Retype the listing below exactly, pictures removed.

▶ [Exercise data]:
*** Begin section ***

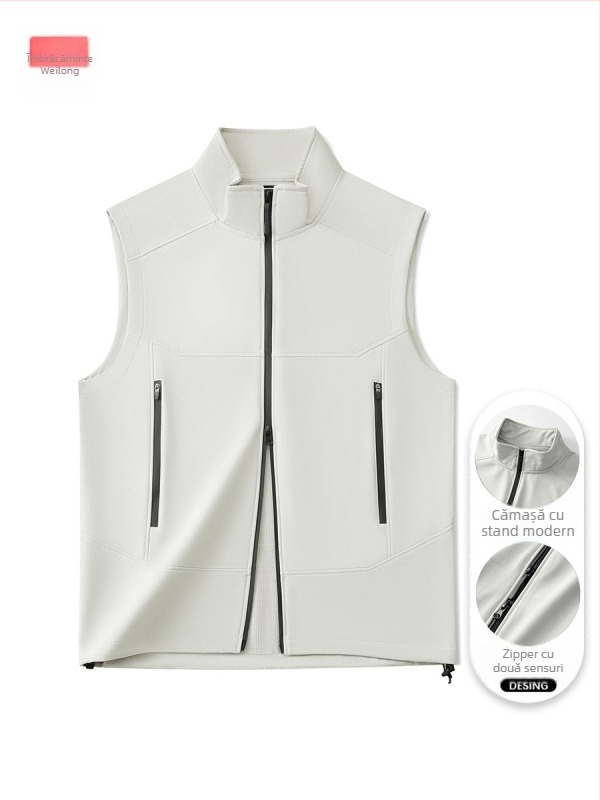 Vesta din soft shell, căptușită cu fleece, fără mâneci, unisex, cu guler înalt și fermoar, pentru toamnă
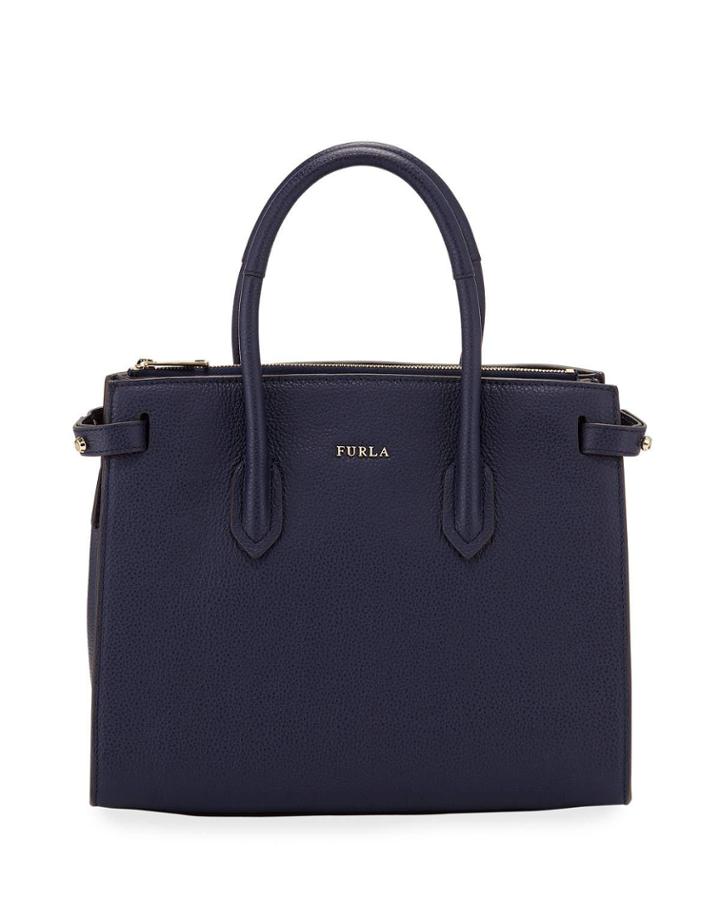 Pin Small Leather Satchel Bag, Navy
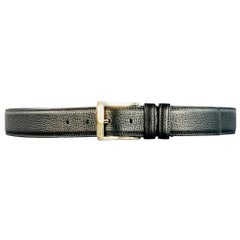 TOM FORD Size 36 Black Silver Pebble Grain Leather Belt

*** End section ***

▶ [Answer space]:
 Vesta din soft shell, căptușită cu fleece, fără mâneci, unisex, cu guler înalt și fermoar, pentru toamnă
 Pin Small Leather Satchel Bag, Navy
 TOM FORD Size 36 Black Silver Pebble Grain Leather Belt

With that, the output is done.